→ Problem statement
Make an exact copy of the listing so that no picture is carried over.

→ Supplied data

———

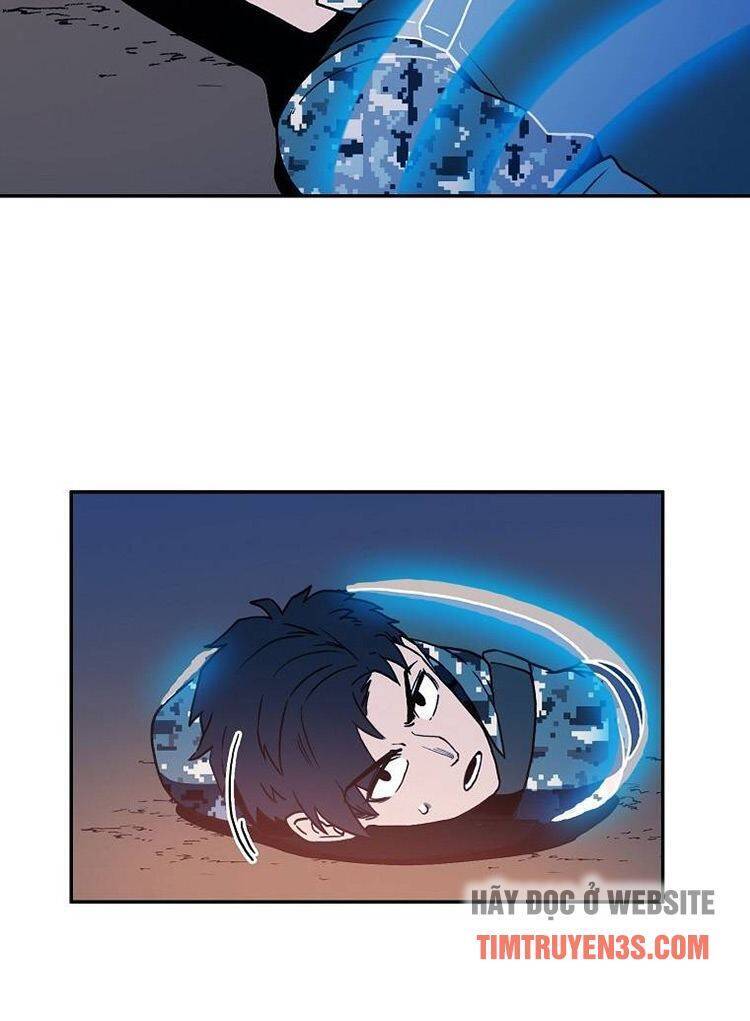 Tay Súng Ma Thuật – Bắn Tỉa Thép Chapter 7 - Trang 2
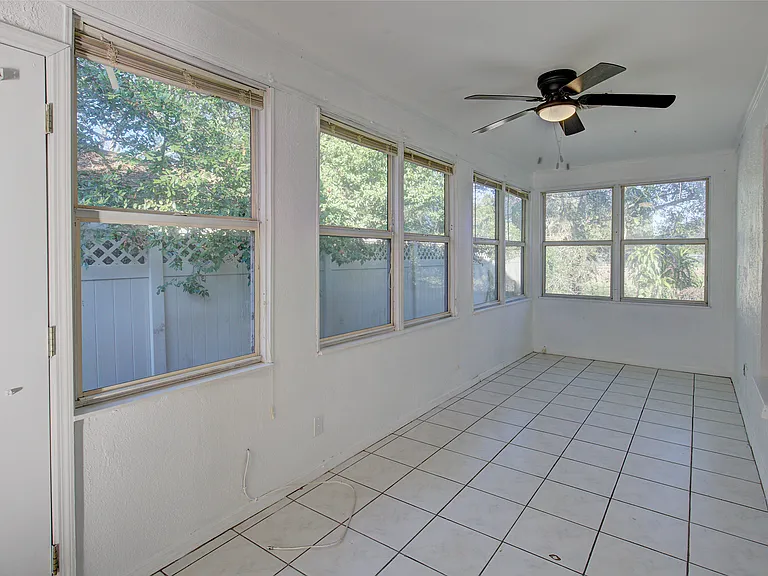 3683 Wynford Dr — Photo 9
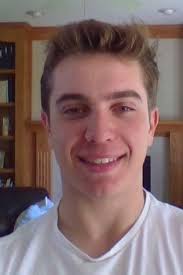 Assumption High School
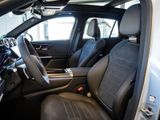 MERCEDES-BENZ GLC 300 de 4MATIC mit EQ Hybrid Technologie AMG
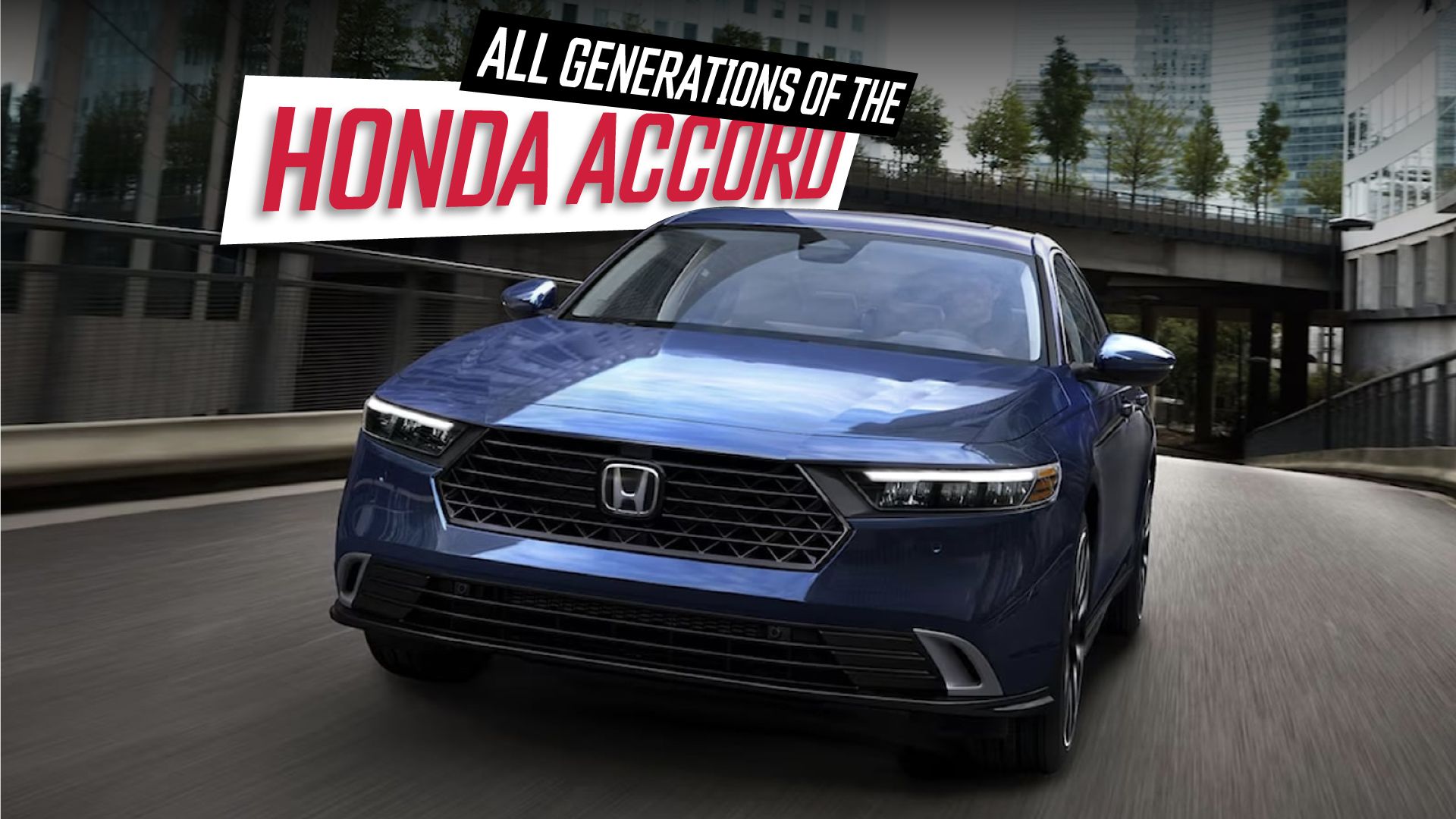 All-Gen-Honda-Accord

———

→ Answer section
 Tay Súng Ma Thuật – Bắn Tỉa Thép Chapter 7 - Trang 2
 3683 Wynford Dr — Photo 9
 Assumption High School
 MERCEDES-BENZ GLC 300 de 4MATIC mit EQ Hybrid Technologie AMG
 All-Gen-Honda-Accord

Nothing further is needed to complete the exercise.